• **INPUT FOR THIS TASK**:
# # #
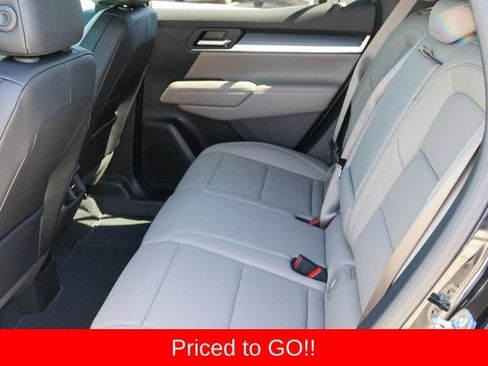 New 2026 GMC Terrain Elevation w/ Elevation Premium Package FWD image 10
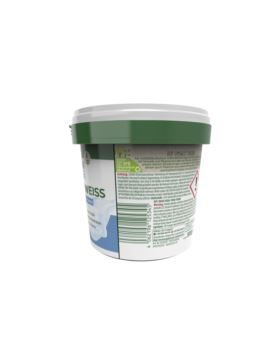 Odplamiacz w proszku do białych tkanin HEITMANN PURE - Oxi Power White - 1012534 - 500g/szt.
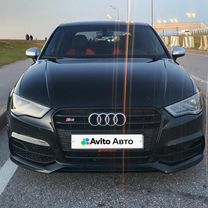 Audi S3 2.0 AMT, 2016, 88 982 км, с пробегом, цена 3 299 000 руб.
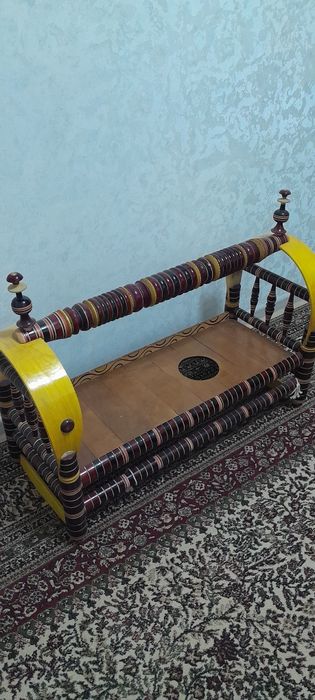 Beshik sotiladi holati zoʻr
# # #
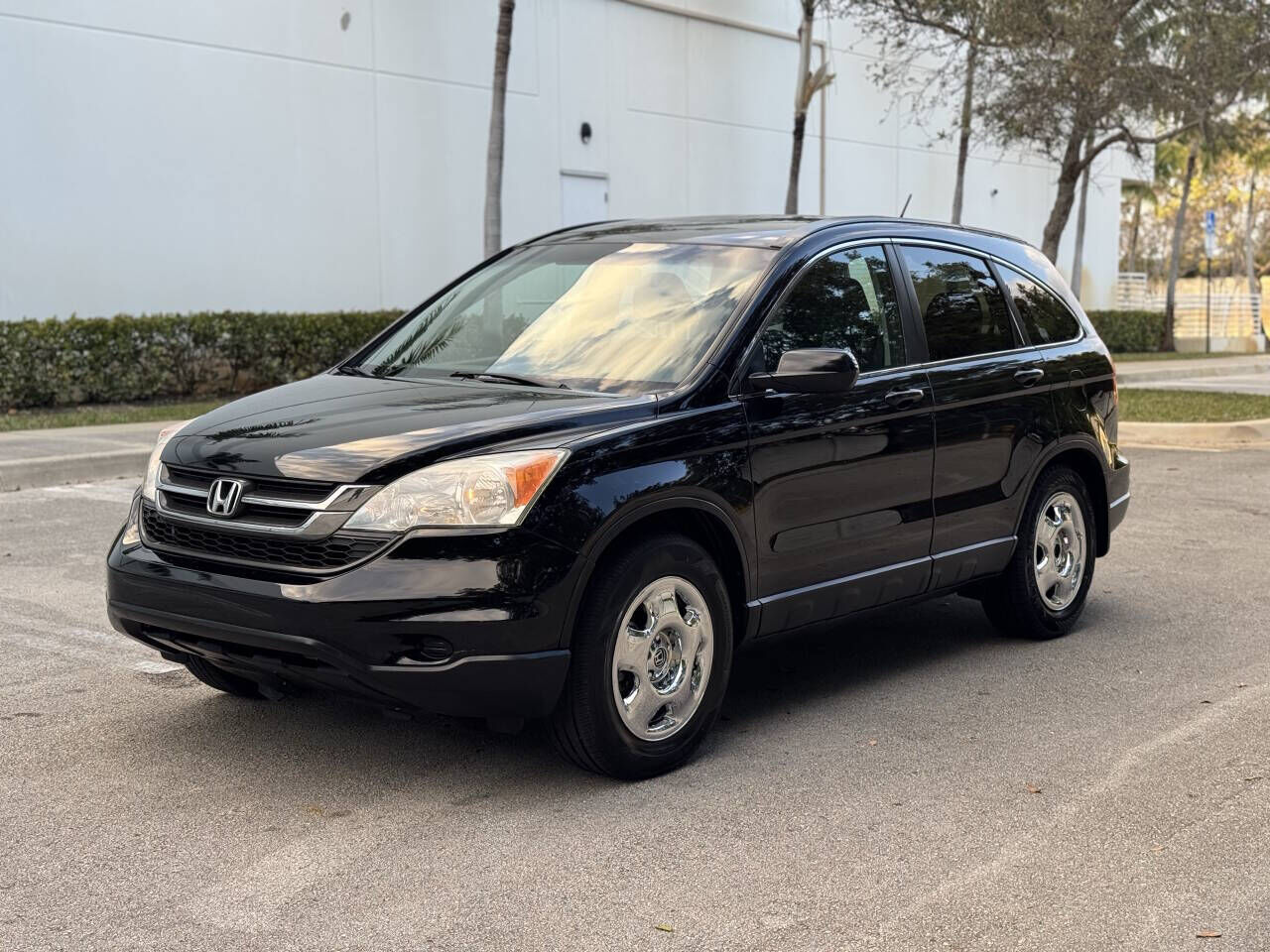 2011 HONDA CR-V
# # #
• **ASSIGNMENT**: Without the pictures, set down the lines above from the line with "New 2026 GMC" up to and including the line with "Beshik sotiladi holati zoʻr" exactly as they stand.

• **YOUR RESPONSE**:
 New 2026 GMC Terrain Elevation w/ Elevation Premium Package FWD image 10
 Odplamiacz w proszku do białych tkanin HEITMANN PURE - Oxi Power White - 1012534 - 500g/szt.
 Audi S3 2.0 AMT, 2016, 88 982 км, с пробегом, цена 3 299 000 руб.
 Beshik sotiladi holati zoʻr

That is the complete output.